However, the fifth edition of the DSM published in May 2013, separated these diagnoses into different chapters. While GAD remains in the anxiety disorders section, OCD now resides in a section called Obsessive-Compulsive and Related Conditions. The term “Related Conditions” refers to problems such as hoarding disorder, trichotillomania (aka hair-pulling disorder), and body dysmorphic disorder.

Differences in Behavior

One way to understand the difference between GAD and OCD (as well as the related conditions within that section) is to think about the behavioral component, or lack thereof, to each problem. While people with GAD tend to worry a lot, they don't typically engage in compulsive, ritualistic behaviors to cope with their anxiety.

People with OCD, however, commonly use repetitive behaviors—either physical or mental rituals called compulsions—to relieve the stress caused by an obsession.

Sometimes, OCD compulsions stem from a belief that the behavior can keep a feared outcome from occurring. An example of this would be handwashing excessively and ritualistically to prevent contamination.

For people with full-blown OCD, compulsions take up a lot of their time—more than an hour a day—and interfere with everyday responsibilities. Even if some repetitive behavior occurs with GAD, such as repeated reassurance-seeking from others, it's highly unusual for it to occur in the rigid, ritualized, or compulsive manner seen with OCD.

Differences in Thinking

The thought patterns characteristic of GAD also distinguish it from OCD. People with GAD tend to worry about real-life concerns. And while these topics are appropriate to worry about, the degree of anxiety is clearly excessive.

Concerns may be about major life issues like health, finances, or relationships, but they're also about many minor, day-to-day stresses that other people wouldn't tend to perceive as intensely—like giving a work presentation or being unable to predict what their daily schedule will be.
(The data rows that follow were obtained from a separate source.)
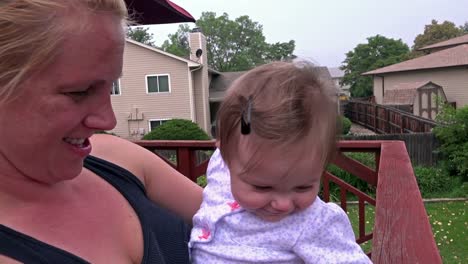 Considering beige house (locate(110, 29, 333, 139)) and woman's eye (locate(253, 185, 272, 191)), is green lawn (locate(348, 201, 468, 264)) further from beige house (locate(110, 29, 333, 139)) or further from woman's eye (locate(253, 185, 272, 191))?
beige house (locate(110, 29, 333, 139))

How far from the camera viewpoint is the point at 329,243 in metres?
1.35

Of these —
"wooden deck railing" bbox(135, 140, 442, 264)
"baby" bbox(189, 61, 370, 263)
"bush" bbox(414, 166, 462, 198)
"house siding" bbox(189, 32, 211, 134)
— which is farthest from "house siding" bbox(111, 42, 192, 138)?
"baby" bbox(189, 61, 370, 263)

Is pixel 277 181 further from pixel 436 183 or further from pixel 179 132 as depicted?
pixel 179 132

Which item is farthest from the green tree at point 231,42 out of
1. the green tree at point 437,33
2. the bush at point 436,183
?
the bush at point 436,183

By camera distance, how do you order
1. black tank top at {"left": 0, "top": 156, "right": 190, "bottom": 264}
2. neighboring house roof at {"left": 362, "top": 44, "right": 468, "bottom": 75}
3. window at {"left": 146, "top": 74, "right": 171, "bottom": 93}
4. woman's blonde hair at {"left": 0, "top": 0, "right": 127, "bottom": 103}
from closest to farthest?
woman's blonde hair at {"left": 0, "top": 0, "right": 127, "bottom": 103} → black tank top at {"left": 0, "top": 156, "right": 190, "bottom": 264} → window at {"left": 146, "top": 74, "right": 171, "bottom": 93} → neighboring house roof at {"left": 362, "top": 44, "right": 468, "bottom": 75}

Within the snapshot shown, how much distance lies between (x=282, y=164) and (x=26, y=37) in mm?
703

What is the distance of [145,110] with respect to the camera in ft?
77.8

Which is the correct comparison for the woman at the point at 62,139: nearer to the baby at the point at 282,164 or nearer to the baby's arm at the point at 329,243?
the baby at the point at 282,164

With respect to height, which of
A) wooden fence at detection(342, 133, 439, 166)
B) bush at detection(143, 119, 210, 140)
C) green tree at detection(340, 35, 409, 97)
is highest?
green tree at detection(340, 35, 409, 97)

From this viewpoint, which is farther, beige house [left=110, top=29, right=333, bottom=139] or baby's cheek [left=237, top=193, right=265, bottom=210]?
beige house [left=110, top=29, right=333, bottom=139]

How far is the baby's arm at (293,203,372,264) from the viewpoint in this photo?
1325 millimetres

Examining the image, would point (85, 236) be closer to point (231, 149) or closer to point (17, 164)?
point (17, 164)

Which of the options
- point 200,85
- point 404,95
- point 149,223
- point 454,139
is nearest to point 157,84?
point 200,85

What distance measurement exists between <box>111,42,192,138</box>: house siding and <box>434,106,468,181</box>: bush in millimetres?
12229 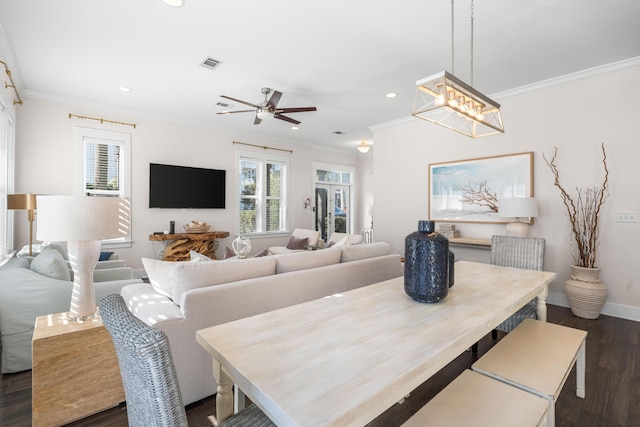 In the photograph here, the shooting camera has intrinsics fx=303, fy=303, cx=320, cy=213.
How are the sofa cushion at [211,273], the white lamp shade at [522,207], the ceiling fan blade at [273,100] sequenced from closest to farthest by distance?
1. the sofa cushion at [211,273]
2. the white lamp shade at [522,207]
3. the ceiling fan blade at [273,100]

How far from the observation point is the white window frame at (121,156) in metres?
4.56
Pathological worry, the kind that meets the threshold for a diagnosis of GAD, is pervasive and uncontrollable and tends to involve a lot of catastrophizing (imagining the worst possible outcome) or other distortions in thinking and decision making (aka biased thinking).

Obsessions, the hallmark thought processes of OCD, are also difficult for people with OCD to control.
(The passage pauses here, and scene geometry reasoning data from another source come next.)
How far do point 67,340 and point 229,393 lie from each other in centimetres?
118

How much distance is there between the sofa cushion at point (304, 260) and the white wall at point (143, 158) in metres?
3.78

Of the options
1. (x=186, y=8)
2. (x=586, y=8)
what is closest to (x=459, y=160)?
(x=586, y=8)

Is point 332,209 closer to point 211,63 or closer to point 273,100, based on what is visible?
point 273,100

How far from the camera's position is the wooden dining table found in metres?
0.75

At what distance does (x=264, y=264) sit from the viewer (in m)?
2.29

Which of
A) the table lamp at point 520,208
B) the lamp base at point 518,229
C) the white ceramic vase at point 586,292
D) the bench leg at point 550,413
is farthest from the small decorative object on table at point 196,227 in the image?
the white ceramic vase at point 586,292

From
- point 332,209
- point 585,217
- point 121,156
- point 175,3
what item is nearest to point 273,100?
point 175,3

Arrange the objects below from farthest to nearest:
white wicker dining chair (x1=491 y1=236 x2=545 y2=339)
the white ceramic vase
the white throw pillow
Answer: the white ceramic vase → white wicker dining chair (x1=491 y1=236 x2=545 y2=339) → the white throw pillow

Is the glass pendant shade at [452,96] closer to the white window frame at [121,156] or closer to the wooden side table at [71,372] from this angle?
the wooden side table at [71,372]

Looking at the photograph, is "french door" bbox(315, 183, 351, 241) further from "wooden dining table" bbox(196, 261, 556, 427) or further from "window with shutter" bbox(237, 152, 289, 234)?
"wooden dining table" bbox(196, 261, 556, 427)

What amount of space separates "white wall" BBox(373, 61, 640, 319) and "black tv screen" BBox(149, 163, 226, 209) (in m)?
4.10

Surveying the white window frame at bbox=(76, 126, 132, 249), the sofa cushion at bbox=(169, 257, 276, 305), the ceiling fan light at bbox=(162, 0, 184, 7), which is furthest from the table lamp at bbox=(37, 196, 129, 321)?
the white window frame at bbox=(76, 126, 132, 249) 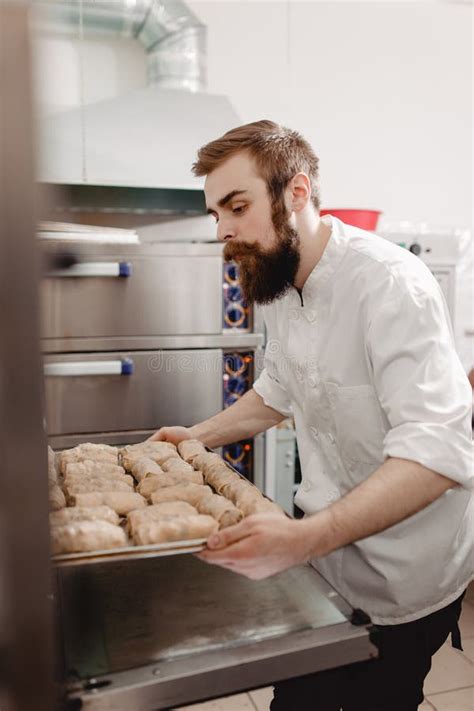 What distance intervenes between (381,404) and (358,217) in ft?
6.01

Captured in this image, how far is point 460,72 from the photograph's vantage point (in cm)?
337

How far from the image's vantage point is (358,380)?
115 cm

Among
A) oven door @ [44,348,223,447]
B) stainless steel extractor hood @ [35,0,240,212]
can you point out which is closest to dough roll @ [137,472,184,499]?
oven door @ [44,348,223,447]

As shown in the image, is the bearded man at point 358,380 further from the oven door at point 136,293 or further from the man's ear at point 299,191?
the oven door at point 136,293

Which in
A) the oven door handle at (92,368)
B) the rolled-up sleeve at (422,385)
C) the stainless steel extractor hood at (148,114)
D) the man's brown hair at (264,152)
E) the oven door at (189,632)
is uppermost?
the stainless steel extractor hood at (148,114)

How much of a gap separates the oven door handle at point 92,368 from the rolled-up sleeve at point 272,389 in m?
0.91

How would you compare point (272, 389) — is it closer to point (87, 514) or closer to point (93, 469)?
point (93, 469)

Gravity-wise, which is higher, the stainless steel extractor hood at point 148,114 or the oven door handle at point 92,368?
the stainless steel extractor hood at point 148,114

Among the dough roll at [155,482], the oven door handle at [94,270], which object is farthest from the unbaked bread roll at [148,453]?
the oven door handle at [94,270]

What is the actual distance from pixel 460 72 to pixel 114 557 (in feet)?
11.5

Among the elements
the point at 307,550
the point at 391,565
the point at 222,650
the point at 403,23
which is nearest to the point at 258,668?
the point at 222,650

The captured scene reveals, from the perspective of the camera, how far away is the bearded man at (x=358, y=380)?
3.19 ft

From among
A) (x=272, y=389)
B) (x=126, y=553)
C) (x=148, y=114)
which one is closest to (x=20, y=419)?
(x=126, y=553)

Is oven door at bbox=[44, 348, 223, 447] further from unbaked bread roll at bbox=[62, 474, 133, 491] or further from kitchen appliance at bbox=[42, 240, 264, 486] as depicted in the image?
unbaked bread roll at bbox=[62, 474, 133, 491] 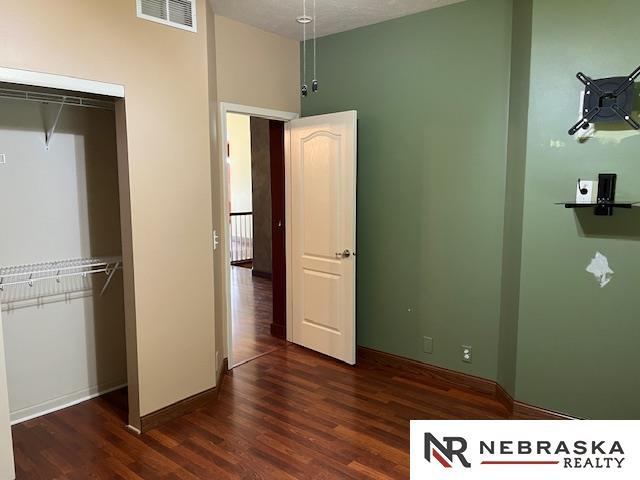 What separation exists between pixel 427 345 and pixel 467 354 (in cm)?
33

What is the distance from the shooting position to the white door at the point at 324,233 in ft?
12.8

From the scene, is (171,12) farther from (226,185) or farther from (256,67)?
(226,185)

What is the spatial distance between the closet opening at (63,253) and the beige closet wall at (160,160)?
107 mm

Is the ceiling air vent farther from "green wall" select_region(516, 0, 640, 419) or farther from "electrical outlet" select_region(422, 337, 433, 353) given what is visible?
"electrical outlet" select_region(422, 337, 433, 353)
However, in contrast to GAD, these thoughts or mental impulses extend far beyond everyday worries and problems. Obsessive thinking is more unrealistic and sometimes even has a perceived magical quality.
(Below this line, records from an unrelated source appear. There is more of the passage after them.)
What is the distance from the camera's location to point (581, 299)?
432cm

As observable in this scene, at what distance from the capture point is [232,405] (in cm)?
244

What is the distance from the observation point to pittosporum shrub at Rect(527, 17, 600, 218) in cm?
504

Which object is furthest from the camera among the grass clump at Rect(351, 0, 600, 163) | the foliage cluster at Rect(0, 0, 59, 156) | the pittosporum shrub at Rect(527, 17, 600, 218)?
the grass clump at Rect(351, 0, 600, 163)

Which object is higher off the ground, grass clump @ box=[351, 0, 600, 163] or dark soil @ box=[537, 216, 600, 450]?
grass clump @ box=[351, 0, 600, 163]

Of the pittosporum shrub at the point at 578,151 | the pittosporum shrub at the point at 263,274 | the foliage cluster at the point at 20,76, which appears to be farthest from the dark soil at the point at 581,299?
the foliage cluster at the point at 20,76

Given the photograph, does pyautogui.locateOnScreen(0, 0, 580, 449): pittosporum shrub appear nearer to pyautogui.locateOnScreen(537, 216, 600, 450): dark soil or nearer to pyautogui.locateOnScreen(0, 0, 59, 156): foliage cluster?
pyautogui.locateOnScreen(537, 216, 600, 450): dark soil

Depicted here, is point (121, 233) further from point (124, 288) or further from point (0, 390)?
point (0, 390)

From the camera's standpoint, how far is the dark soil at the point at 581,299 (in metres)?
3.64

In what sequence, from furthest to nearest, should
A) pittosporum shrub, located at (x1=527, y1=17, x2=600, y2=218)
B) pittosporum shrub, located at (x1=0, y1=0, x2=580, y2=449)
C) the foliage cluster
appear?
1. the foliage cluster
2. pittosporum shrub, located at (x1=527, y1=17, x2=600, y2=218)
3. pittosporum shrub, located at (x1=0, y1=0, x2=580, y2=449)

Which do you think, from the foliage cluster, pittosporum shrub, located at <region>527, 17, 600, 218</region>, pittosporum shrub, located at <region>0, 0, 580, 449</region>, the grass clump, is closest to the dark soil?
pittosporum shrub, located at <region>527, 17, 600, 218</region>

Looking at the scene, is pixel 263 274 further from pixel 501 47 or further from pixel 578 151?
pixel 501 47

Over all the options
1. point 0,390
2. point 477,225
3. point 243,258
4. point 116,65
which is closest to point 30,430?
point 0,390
For example, a student with OCD might believe that she has to line up items on her desk in perfect symmetry and count a specific number of times to keep from failing a test. Or, a parent with OCD might believe that he needs to say a particular phrase repeatedly throughout the day to keep his children safe.

Do These Problems Overlap?

It's not uncommon for people with GAD to meet the criteria for another psychiatric diagnosis in the course of their lifetime, or even simultaneously. While the most commonly co-occurring problem is depression, a subset of people struggles with co-occurring GAD and OCD.

The treatments for GAD and OCD overlap as well. Many medications are helpful for both problems, as is the cognitive behavioral psychotherapy approach. However, for OCD, a focused type of cognitive behavioral treatment called exposure and response prevention has been shown to work best.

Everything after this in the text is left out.